According to the National Federation of Independent Business (NFIB), over the lifetime of a business only 39% are profitable, another 30% of businesses achieving break even, the other 30% lose money and 1% cannot say. Clearly, making a poor strategic choice for the direction of the business transformation will have disastrous consequences.
In order for the executive team to make the best choice for the company they need to formally evaluate their strategic options, and determine which of these is the best “strategic fit” for the company going forward.
The Ansoff Matrix (also known as the Product/Market Expansion Grid) developed all the way back in 1957 still provides business leaders with a quick and simple way to think about the risks of growth. This tool allows the VAR leadership team to compare options from the perspective of Current versus New Products, and Current versus New Markets. The matrix is a useful way to analyse strategic options in terms of their risk profile.
The Matrix shows four strategies a VAR can use to grow. It also helps you analyze the risks associated with each one. The idea is that, each time you move into a new quadrant (horizontally or vertically), risk increases. This helps the channel sales leadership team weigh up the risks of each strategy and decide which strategic option best matches their risk appetite.
The tool outlines four generic strategies for growth:
Market penetration, in the lower left quadrant, is the safest of the four options. Here, you focus on expanding sales of your existing product in your existing market: you know the product works, and the market holds few surprises for you. This is not a serious option for a VAR seeking to transform their business.
Product development, in the lower right quadrant, is slightly more risky, because the VAR is introducing a new product into their existing market. It may be a product that they have developed themselves, or simply taking on new products from a different Vendor partner. This strategy also encompasses new licensing models e.g. selling the same product on a subscription model rather than the traditional licensing model.
With market development, in the upper left quadrant, the VAR is putting an existing product into an entirely new market. You can do this by finding a new use for the product, or by adding new features or benefits to it. For example, many ERP systems were once far beyond the budget of SME’s, but new licensing models made them more affordable for the “mid-market”.

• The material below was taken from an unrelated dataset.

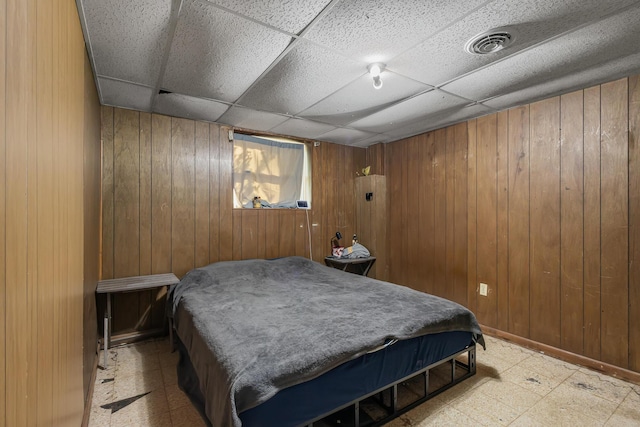 bedroom featuring wood walls, tile patterned floors, a drop ceiling, and visible vents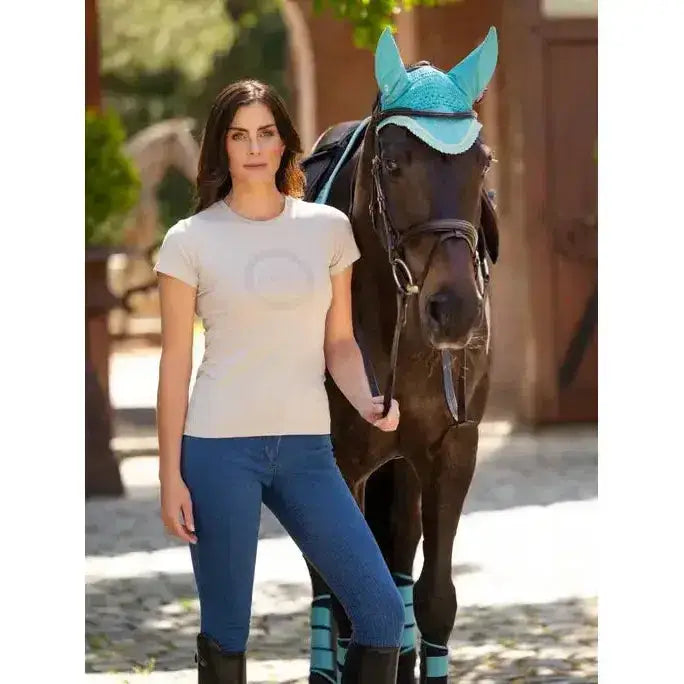 A woman stands beside a horse wearing a lemieux classique stone t-shirt in light gray with a subtle logo and blue riding pants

Diversification, in the upper right quadrant, is the riskiest of the four options, because you’re introducing a new, unproven product into an entirely new market that you may not fully understand.
A word of caution must be highlighted for the expansionary channel partner who decides to pursue one of the higher risk strategies. They risk the all too common flaw of channel partners of becoming a “Jack of All Trades and Master of None”. This is the ultimate VAR-killer, as it leads to an undifferentiated market position and a “Me-Too” value proposition.
A major driver of channel conflict is the simple lack of clear differentiation between channel partners. Manufacturers need to help their channel partners understand the differentiated value that they bring to the market, and clearly carve out their own space in the marketplace. Using some of the above strategies will help channel partners to compete in market niches where they have clear differentiation based on their unique value proposition.